Otherwise, someone can replay a client request.
If the server responds with 2xx code, the response is assumed to be
a JSON object encrypted using a key derived using HKDF from the password,
the previously generated salt, and info parameter set to the value
of x-devs-enc-fetch-info in the response.
IV is all zero.
The response also has the 8-byte authentication tag.

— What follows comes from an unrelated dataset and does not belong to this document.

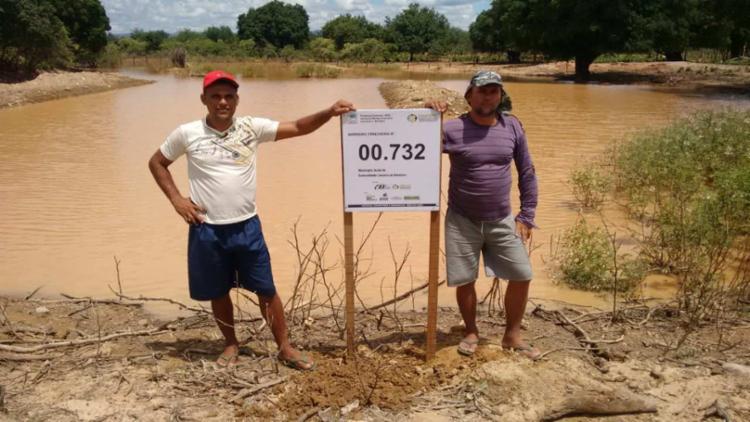 O Projeto Cisternas ajuda famílias a partir da captação e armazenamento adequado da água da chuva para o consumo, a preparação de alimentos, o cultivo agroecológico e a criação de animais.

If the response is not 2xx or if it cannot be authenticated an exception is thrown.
Otherwise, the JSON object of the response is returned.
Security
From the device standpoint, if the salt is unique, the device can be sure only someone with the password can read the request or generate a response. Response cannot be replayed, since the key for it incorporates the salt.
From the server standpoint, a man-in-the-middle attacker can intercept
a device request and either delay it or send it again at later time.
Thus, server should check for uniqueness of the $rid if this can be a problem.
The attacker will not be able to deduce anything about the contents of the response
even if the server doesn't ignore a duplicate request, since the info parameter
send from server is incorporated in the response key and it is random.